# CDF vs PDF: What’s the Difference?

Nitika Sharma 31 Oct, 2023 • 6 min read

## Introduction

The Cumulative Distribution Function and the Probability Density Function are 2 essential ideas in probability theory that frequently confound students. Understanding random variables’ behavior, features, and distributions depends critically on these operations. Knowing differences between PDF vs CDF is crucial to analyze and interpret the probabilities linked to continuous and discrete random variables.

This article will discuss the definitions of PDF vs CDF and their unique roles and interactions. To clarify their application and highlight their significance in diverse statistical applications, we will also offer a solved example to show their use.

## What is Probability Density Function (PDF)?

The PDF is a crucial tool for understanding the probabilities associated with continuous random variables. It provides a smooth curve representing the probability distribution over possible values. The PDF function does not give the probabilities of specific individual values. Still, it describes the likelihood of the random variable taking on values within a small interval around a particular point.

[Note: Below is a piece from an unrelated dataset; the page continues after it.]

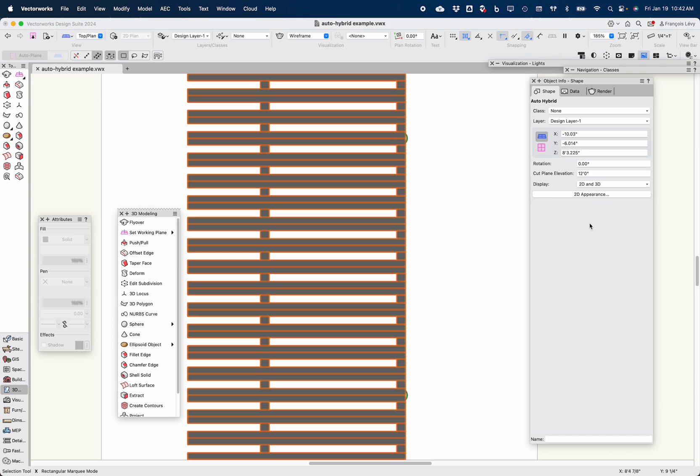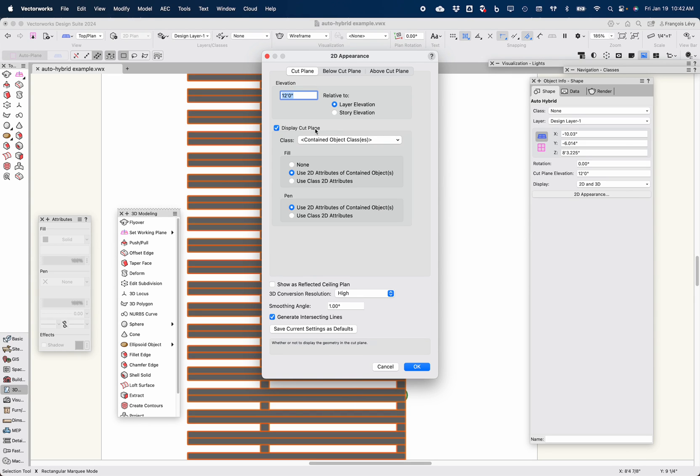I can play with the appearance settings here. At the cut plane — which I can set at 12 feet — I can show anything sectioned by the cut plane. In this case, nothing, because it's way above the pergola structure. I can either assign a class to everything, or use the class of the contained objects — which is what I'll do — using the 2D attributes of the contained objects for pen as well as fill. I can show a smoothing angle for curved geometry, and choose a low, medium, high, or very high conversion resolution.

To understand the concept of PDF, imagine a continuous probability distribution, such as the height of adult males. The probability for various height ranges will be displayed in the PDF. It might suggest, for instance, that people with heights between 5’9″ and 5’10” are more numerous than those with heights outside of that range.

The area under the PDF curve spanning a range represents the probability that the random variable will fall inside that range. Only by computing the integral of the PDF at that point can the probability of a single value, which is the probability that the random variable will be infinitesimally close to that value, be calculated.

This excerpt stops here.